Image-caption web data:
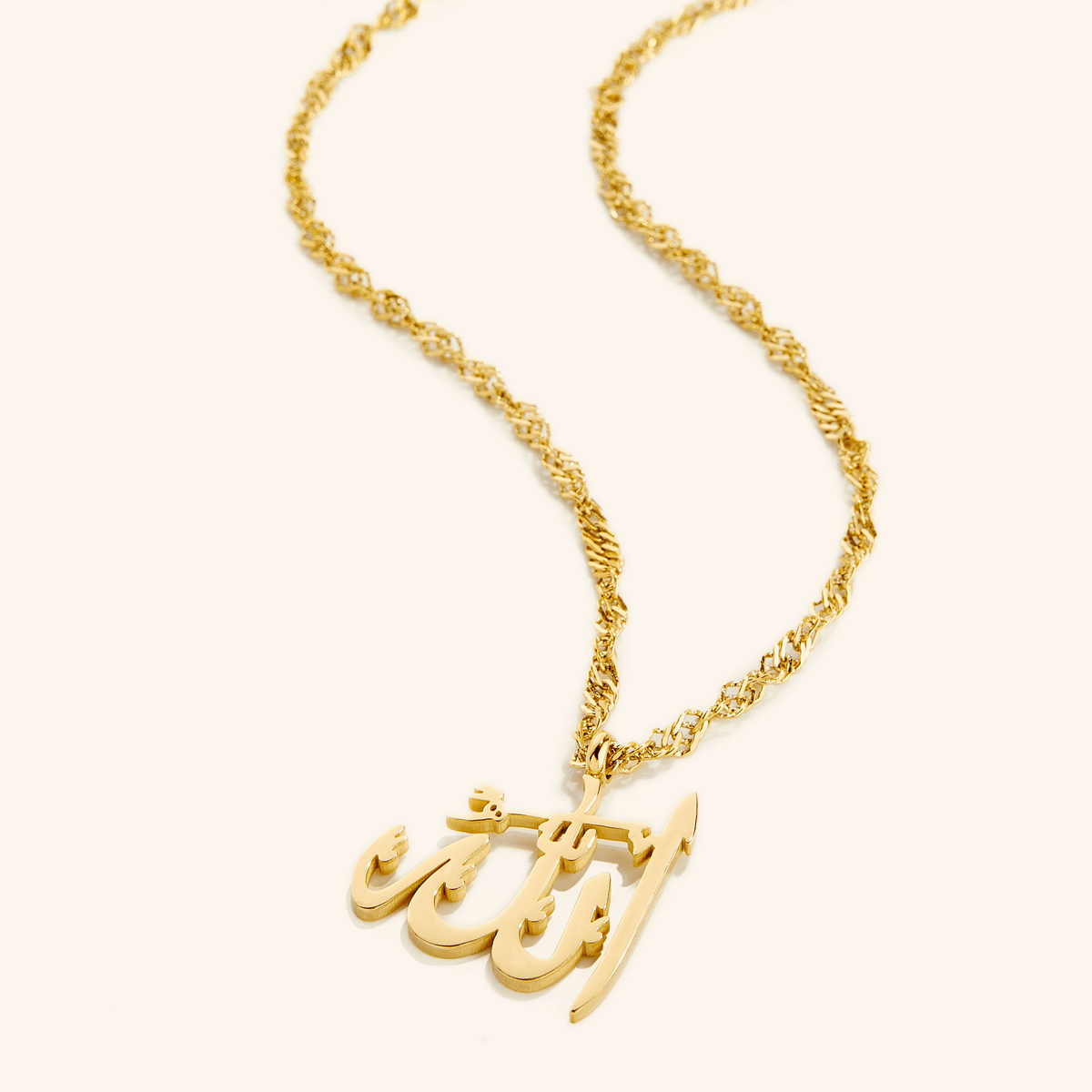 Photo of an 18k gold plated necklace with a pendant that features the Arabic Calligraphy for Allah.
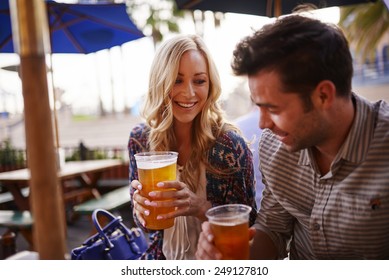 Romantic Couple Drinking Beer At Outdoor Restaurant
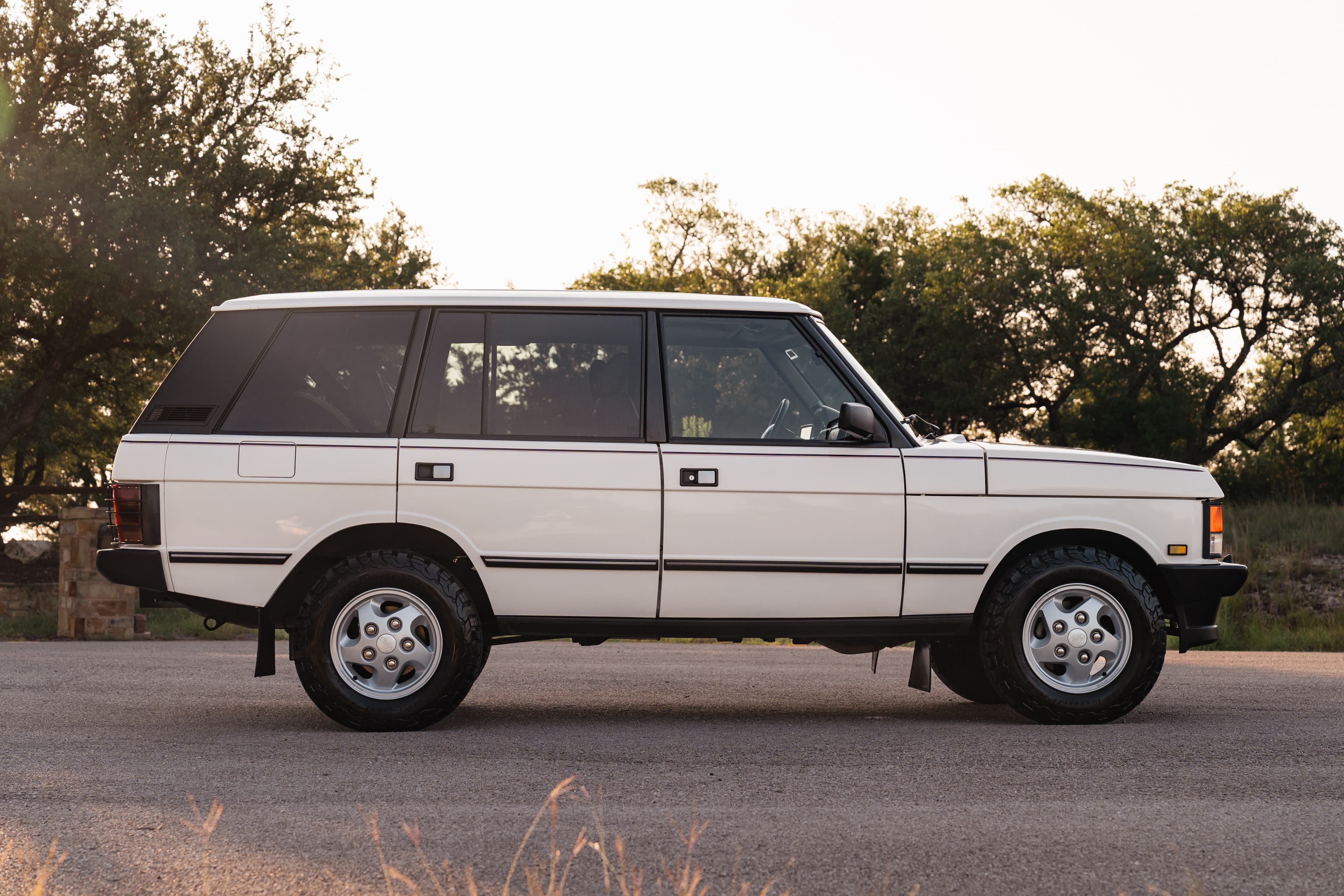 Side profile of a white 1995 Land Rover Range Rover County with silver five-spoke rims.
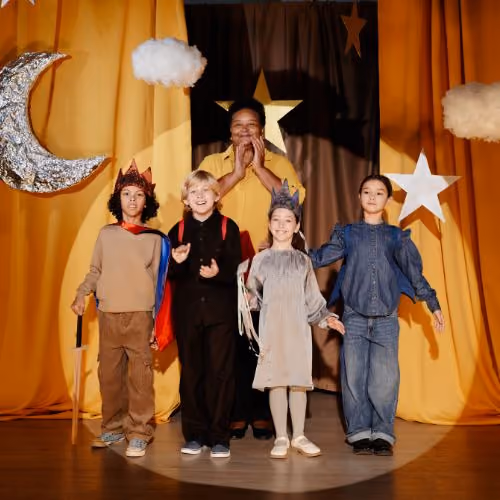 Four children and an adult on stage in costumes with stars, moon, and clouds backdrop.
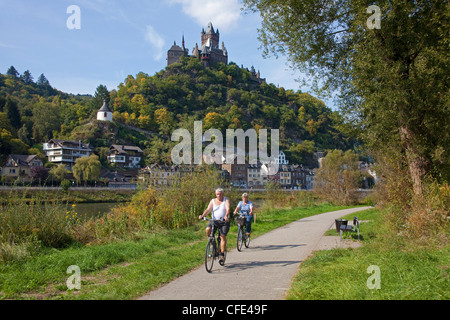 Radfahrer auf einem cycleway am Flußufer der Mosel, Cochem mit Schloss, Rheinland-Pfalz, Deutschland, Europa Stockfoto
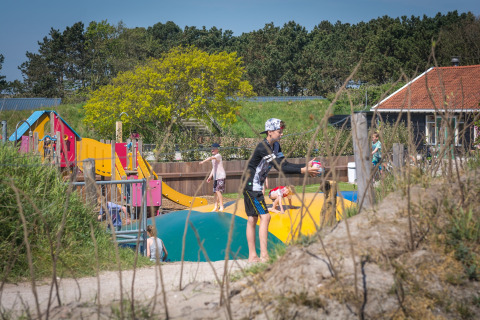 Kinder spielen auf einem Spielplatz mit Hüpfkissen im Holiday Park Loodsmansduin 1 in den Niederlanden.
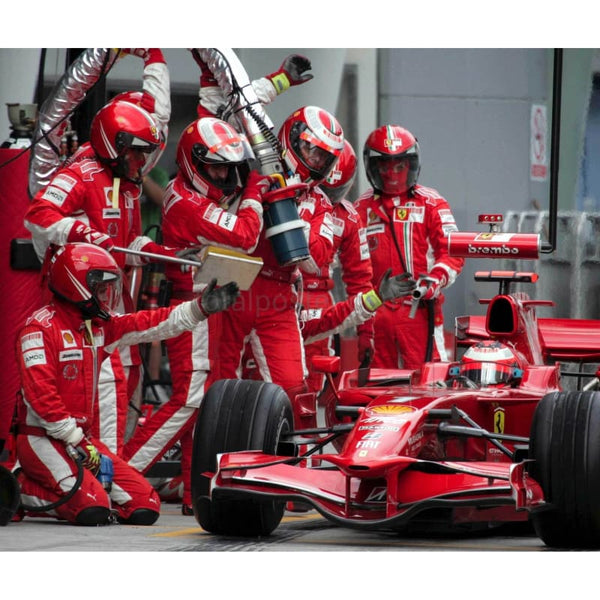 Kimi Raikkonen / Ferrari F1 makes a pit stop on his way to winning the Grand Prix of Malaysia | TotalPoster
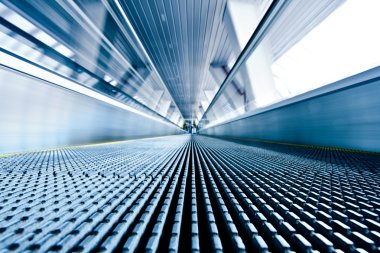 Close-up of moving escalator in blue clipart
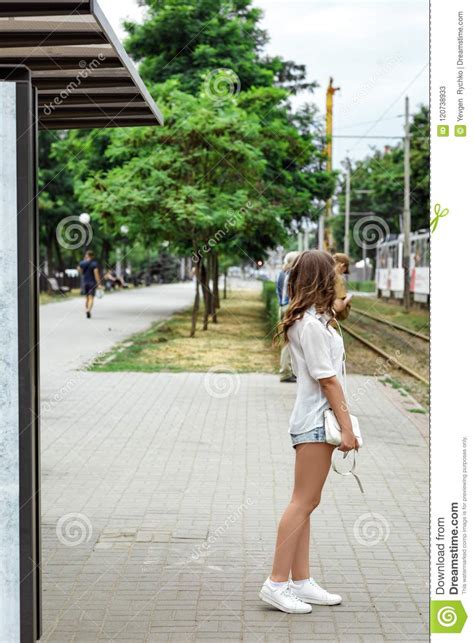 Girl Is Standing At The Bus Stop Stock Image Image Of Adult Stop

== Exercise aim ==
Output, exactly and without pictures, the lines above that run from the one containing "Radfahrer auf einem" through the last line of the entries, inclusive.

== Output for this exercise ==
 Radfahrer auf einem cycleway am Flußufer der Mosel, Cochem mit Schloss, Rheinland-Pfalz, Deutschland, Europa Stockfoto
 Kinder spielen auf einem Spielplatz mit Hüpfkissen im Holiday Park Loodsmansduin 1 in den Niederlanden.
 Kimi Raikkonen / Ferrari F1 makes a pit stop on his way to winning the Grand Prix of Malaysia | TotalPoster
 Close-up of moving escalator in blue clipart
 Girl Is Standing At The Bus Stop Stock Image Image Of Adult Stop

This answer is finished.